When it comes to wings, the Skywalker X8 is already a chunky flying Dorito. But once you start adding fiberglass cloth, polyurethane varnish, FPV gear, and dreams of long-range stability, the stock foam just doesn’t cut it anymore.
That’s why we made a series of upgrades to give the wings more rigidity, easier servicing, and smarter mounting solutions.
Carbon Fiber Reinforcement – Giving Foam Some Backbone
Foam wings are light and efficient, but they flex. And wing flex is about as reassuring as a bendy ladder.
Our solution:
- 2 × square carbon fiber rods (4 mm) installed — one toward the front spar area, and one toward the rear.

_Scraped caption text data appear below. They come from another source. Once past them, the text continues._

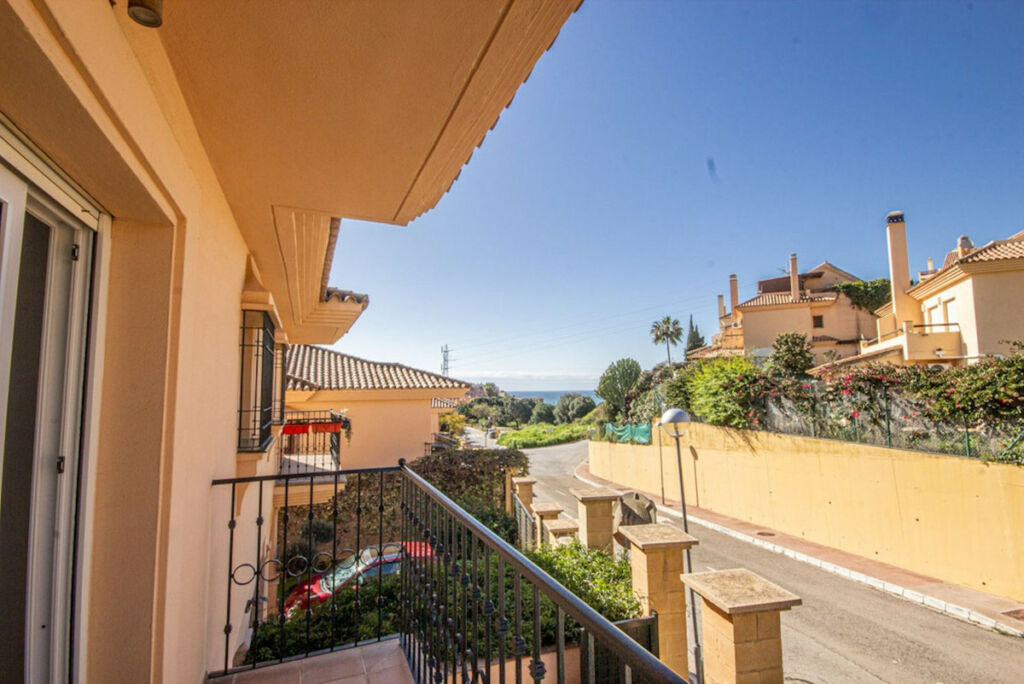 Semi-Detached House Riviera del Sol Málaga - image 31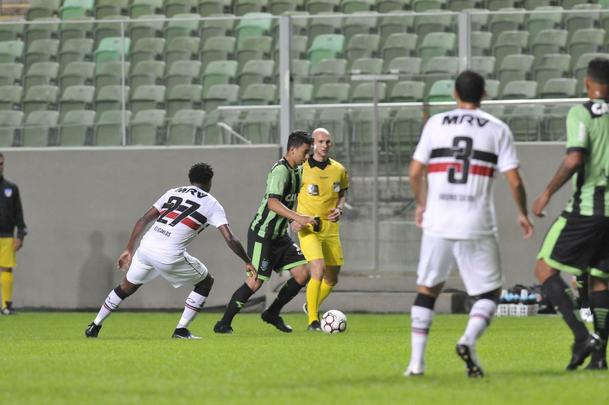 Amrica e Santa Cruz se enfrentaram, no Independncia, pela 9 rodada da Srie B do Brasileiro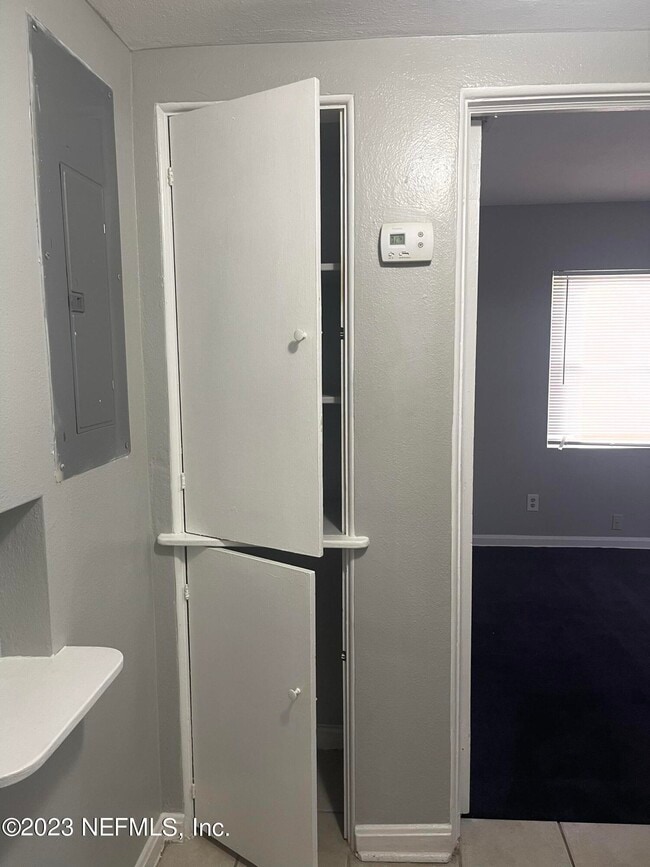 Building Photo - 5467 Windermere Dr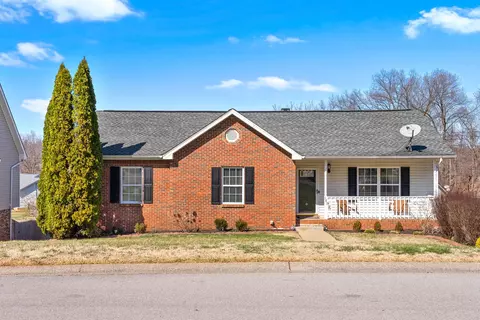 183 Sarah Elizabeth Dr, Clarksville, TN 37042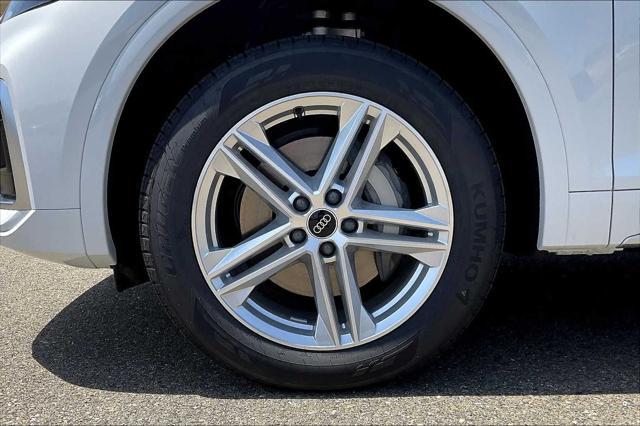 new 2025 Audi Q5 car, priced at $65,190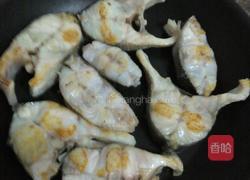 煎鲈鱼的做法图解2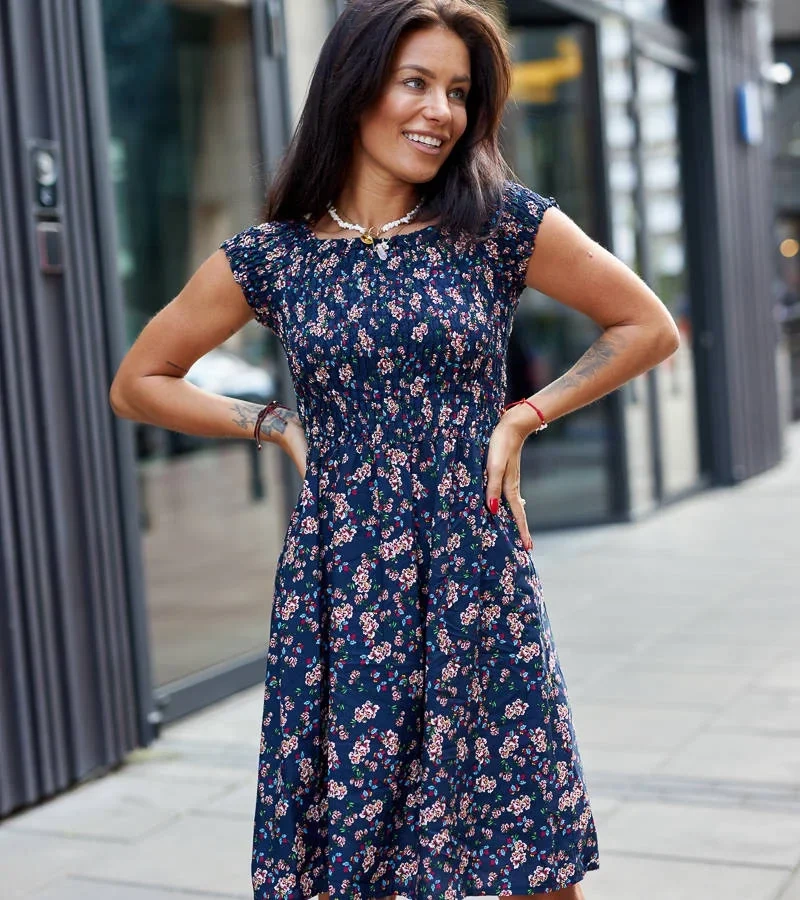 Niebieska kwiecista sukienka hiszpanka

- These form a box-like reinforcement, drastically reducing torsional flex while keeping weight manageable.
Think of it as giving the X8 wings a rebar skeleton — same shape, just a lot less wobbly.
The 4 mm carbon spars needed to sit perfectly flush with the wing’s surface, which meant carving out a slot in the EPO foam. I went “old school” on this one: metal ruler as a guide, box knife in hand, and a slow, steady series of cuts. After scoring a 4 mm channel, I carefully picked the unwanted foam out until the spar sat neatly in place.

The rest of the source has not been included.